Auditor-General revealed that ministries and State agencies failed to account for Sh16.6 billion raising doubts on the authenticity purported of their spending.
The Auditor-General said over 20 ministries and government agencies could not show payment vouchers, records on receipt of delivered products, and purchase of items outside the budget.
“The failure by Ministries, Departments, and Agencies (MDAs) to fully support payments cast doubt on the authenticity of the expenditure reported as incurred,” said the report tabled by the Auditor-General tabled in Parliament.
Some of the government departments that topped the list of the department that could not account for the Sh16.6 billion include ICT, Special Programmes, Infrastructure, and Broadcasting. The department of ICT failed to support payments worth about Sh3.6 billion, Special Programmes Sh3.4 billion, Infrastructure Sh2.5 billion, and Broadcasting and Telecommunications Sh1.1 billion.
Others were the National Land Commission (NLC) and the Independent Electoral and Boundaries Commission (IEBC).
According to the report, Special Programmes did not issue correct records available to the Auditor-General to support expenditure on relief commodities amount to Sh3.4 billion.
The department also failed to account for revenue under the National Drought Management Authority and payments for maintenance of vehicles
Auditor-General said the State Department of Infrastructure’s expenditure supporting documents were not issued for the receivable balance of Sh1.1 billion, accounts payables amounting to Sh214.6 million, clearance account of Sh1.1 billion and, district suspense account of Sh110.9 million.
On the other end, the Broadcasting and Telecommunication department did not give out payment vouchers for use of goods and services amounting to Sh1.1 billion for audit.
The Auditor-General also raised concerns on the Sh142 billion balances that were not analyzed or supported.
The report by the Auditor-General shows that out of the 65 financial statements for entities with budgetary provisions, 19 got clean opinion while agreed with the underlying records, except for cases where material misstatements or omissions were noted leading to a qualified opinion.

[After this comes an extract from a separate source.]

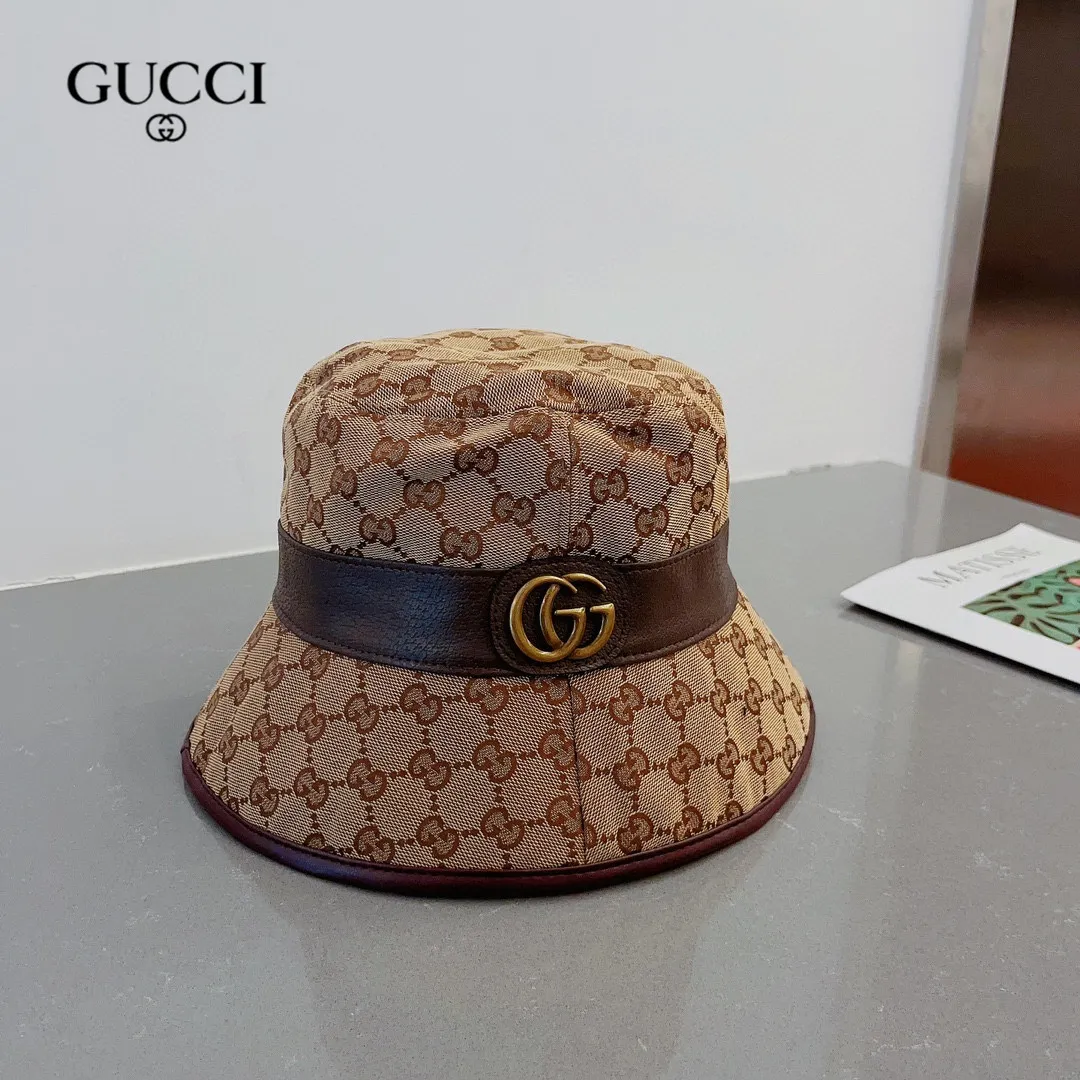 【2026】GUCCI(クッチ )フィッシャーマンズハット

Financial statements for nine entities showed significant misstatement leading to differing opinions – meaning the statement does not give accurate financial health.
Seven entities’ books of account show a serious and huge amount of misstatements that came from inadequate information, inadequacy or lack of records, and limitation of scope. This led to the Auditor- General not able to extract adequate information and could not form an opinion hence a disclaimer.